- Opening Delimiter -

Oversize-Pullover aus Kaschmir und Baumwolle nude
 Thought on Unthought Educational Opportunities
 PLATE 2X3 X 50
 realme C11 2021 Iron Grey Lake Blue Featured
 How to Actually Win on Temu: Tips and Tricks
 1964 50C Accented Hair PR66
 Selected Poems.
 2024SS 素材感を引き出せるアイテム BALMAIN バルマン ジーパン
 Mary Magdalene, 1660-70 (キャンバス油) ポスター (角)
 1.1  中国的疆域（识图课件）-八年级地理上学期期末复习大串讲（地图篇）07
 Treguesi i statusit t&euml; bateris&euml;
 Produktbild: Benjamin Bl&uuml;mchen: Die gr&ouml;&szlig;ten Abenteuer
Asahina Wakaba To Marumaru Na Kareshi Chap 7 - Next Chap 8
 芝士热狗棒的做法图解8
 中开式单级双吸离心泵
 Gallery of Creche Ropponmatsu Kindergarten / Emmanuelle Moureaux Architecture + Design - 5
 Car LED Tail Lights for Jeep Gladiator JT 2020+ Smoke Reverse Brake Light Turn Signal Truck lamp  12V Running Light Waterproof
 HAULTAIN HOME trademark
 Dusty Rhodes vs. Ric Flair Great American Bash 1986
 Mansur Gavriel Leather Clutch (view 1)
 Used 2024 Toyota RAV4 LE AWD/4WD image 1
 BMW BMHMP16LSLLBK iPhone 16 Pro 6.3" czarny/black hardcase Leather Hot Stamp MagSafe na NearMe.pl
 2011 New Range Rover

- Closing Delimiter -

## ACTIVITY
Would you please reproduce all of the lines above exactly?

## EXERCISE SOLUTION
Oversize-Pullover aus Kaschmir und Baumwolle nude
 Thought on Unthought Educational Opportunities
 PLATE 2X3 X 50
 realme C11 2021 Iron Grey Lake Blue Featured
 How to Actually Win on Temu: Tips and Tricks
 1964 50C Accented Hair PR66
 Selected Poems.
 2024SS 素材感を引き出せるアイテム BALMAIN バルマン ジーパン
 Mary Magdalene, 1660-70 (キャンバス油) ポスター (角)
 1.1  中国的疆域（识图课件）-八年级地理上学期期末复习大串讲（地图篇）07
 Treguesi i statusit t&euml; bateris&euml;
 Produktbild: Benjamin Bl&uuml;mchen: Die gr&ouml;&szlig;ten Abenteuer
Asahina Wakaba To Marumaru Na Kareshi Chap 7 - Next Chap 8
 芝士热狗棒的做法图解8
 中开式单级双吸离心泵
 Gallery of Creche Ropponmatsu Kindergarten / Emmanuelle Moureaux Architecture + Design - 5
 Car LED Tail Lights for Jeep Gladiator JT 2020+ Smoke Reverse Brake Light Turn Signal Truck lamp  12V Running Light Waterproof
 HAULTAIN HOME trademark
 Dusty Rhodes vs. Ric Flair Great American Bash 1986
 Mansur Gavriel Leather Clutch (view 1)
 Used 2024 Toyota RAV4 LE AWD/4WD image 1
 BMW BMHMP16LSLLBK iPhone 16 Pro 6.3" czarny/black hardcase Leather Hot Stamp MagSafe na NearMe.pl
 2011 New Range Rover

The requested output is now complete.